_WHAT TO PRODUCE:_ All of the data below should come back exactly as written, minus its images.

_RECORD EXCERPTS:_
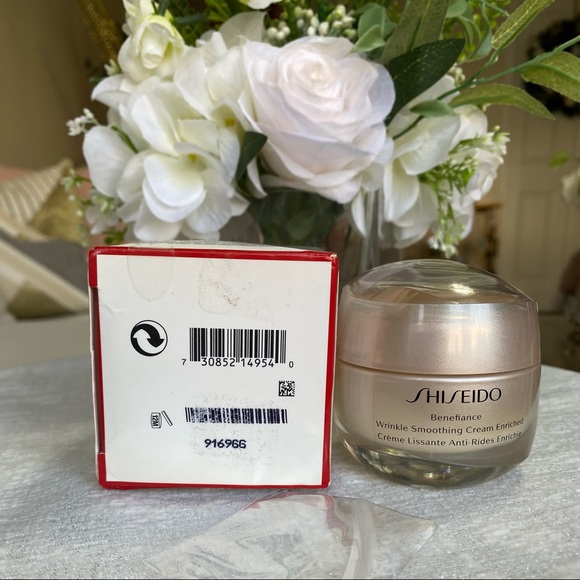 Shiseido Benefiance Wrinkle Smoothing Cream Moisturizer 50ml 1.7oz . - Picture 3 of 10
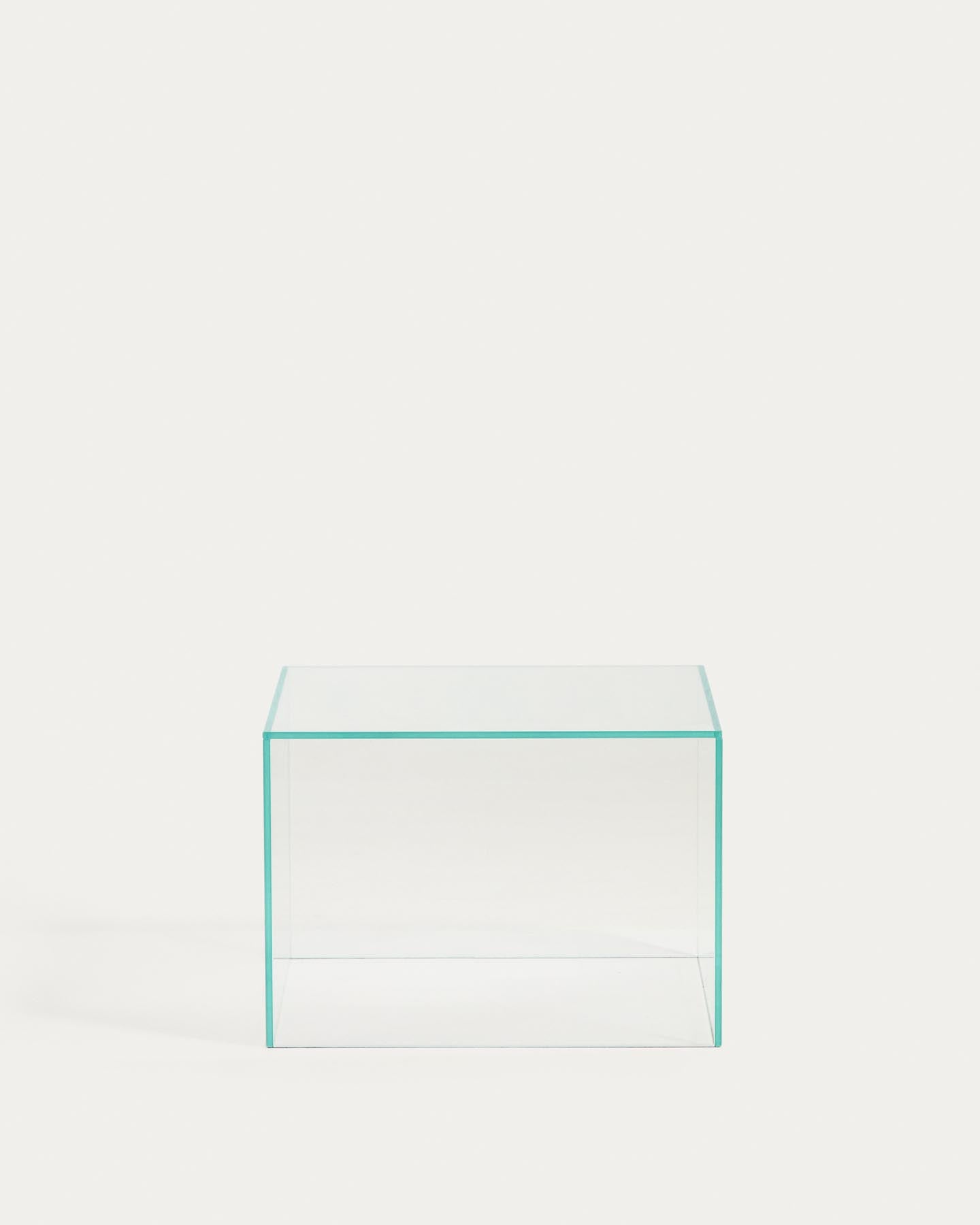 Beistelltisch Orlia aus transparentem gehärtetem Glas, 50 x 50 cm in Transparent präsentiert im Onlineshop von KAQTU Design AG. Beistelltisch ist von Kave Home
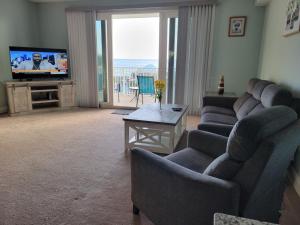 Spectacular 5th Floor Gulf View Condo in Panama City Beach, just steps away from the beach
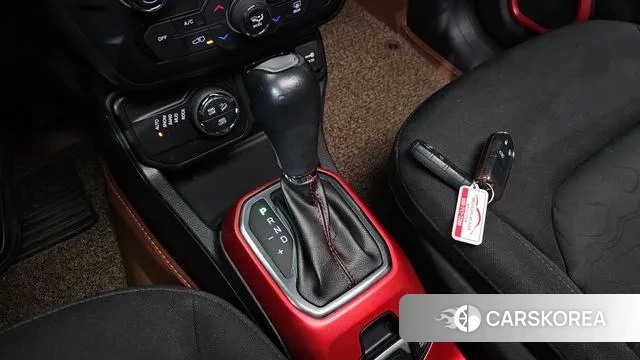 Jeep Renegade id 3439853 из Кореи 19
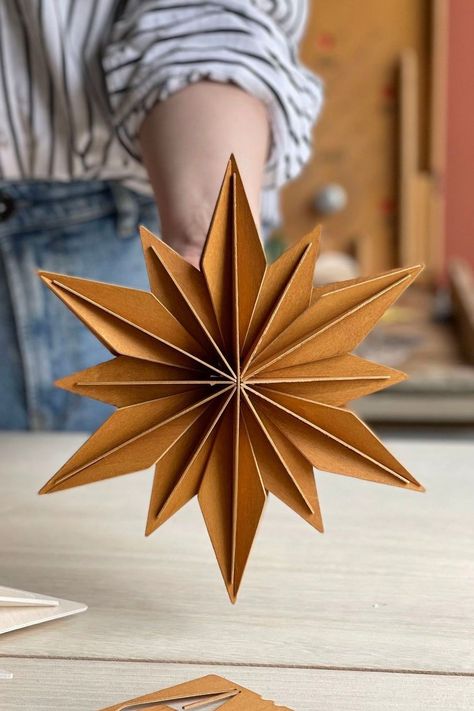 Origami Stella, Upcycle Ideas, Paper Lunch, Holiday 2022, Christmas Stars, Paper Wall Hanging, 3d Figures, Wood Stars, Wall Hanging Crafts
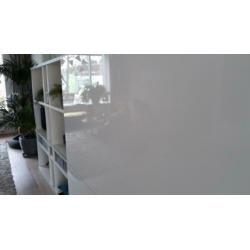 Grote witte design kast met schuifdeuren
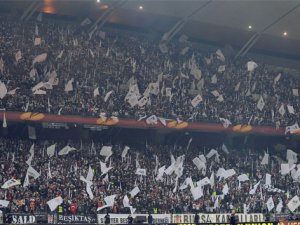 Beşiktaş taraftarı Olimpiyat'ta rekora hazırlanıyor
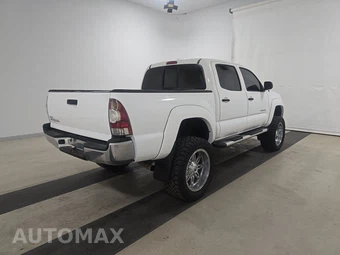 2010 Toyota Tacoma PreRunner Crew Cab Medium Bed - miniatura 4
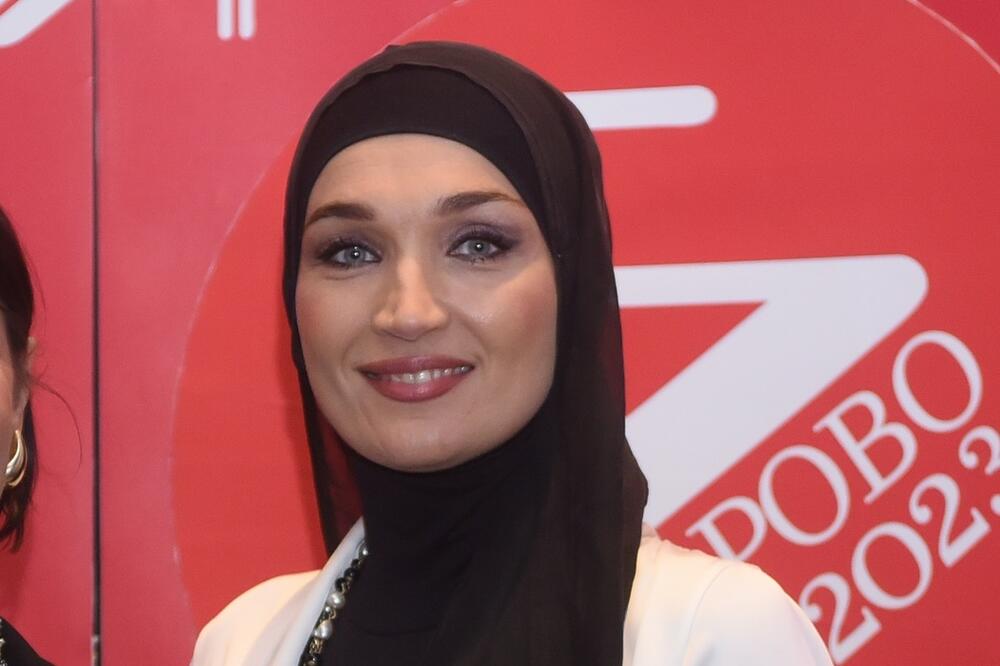 OVAKVA LEPOTA SE JEDNOM RAĐA! UDOVICA MUAMERA ZUKORLIĆA PONOVO ODUŠEVLJAVA: Izgleda SKUPO i OTMENO, KAKVA ŽENA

_EXERCISE RESULT:_
 Shiseido Benefiance Wrinkle Smoothing Cream Moisturizer 50ml 1.7oz . - Picture 3 of 10
 Beistelltisch Orlia aus transparentem gehärtetem Glas, 50 x 50 cm in Transparent präsentiert im Onlineshop von KAQTU Design AG. Beistelltisch ist von Kave Home
 Spectacular 5th Floor Gulf View Condo in Panama City Beach, just steps away from the beach
 Jeep Renegade id 3439853 из Кореи 19
 Origami Stella, Upcycle Ideas, Paper Lunch, Holiday 2022, Christmas Stars, Paper Wall Hanging, 3d Figures, Wood Stars, Wall Hanging Crafts
 Grote witte design kast met schuifdeuren
 Beşiktaş taraftarı Olimpiyat'ta rekora hazırlanıyor
 2010 Toyota Tacoma PreRunner Crew Cab Medium Bed - miniatura 4
 OVAKVA LEPOTA SE JEDNOM RAĐA! UDOVICA MUAMERA ZUKORLIĆA PONOVO ODUŠEVLJAVA: Izgleda SKUPO i OTMENO, KAKVA ŽENA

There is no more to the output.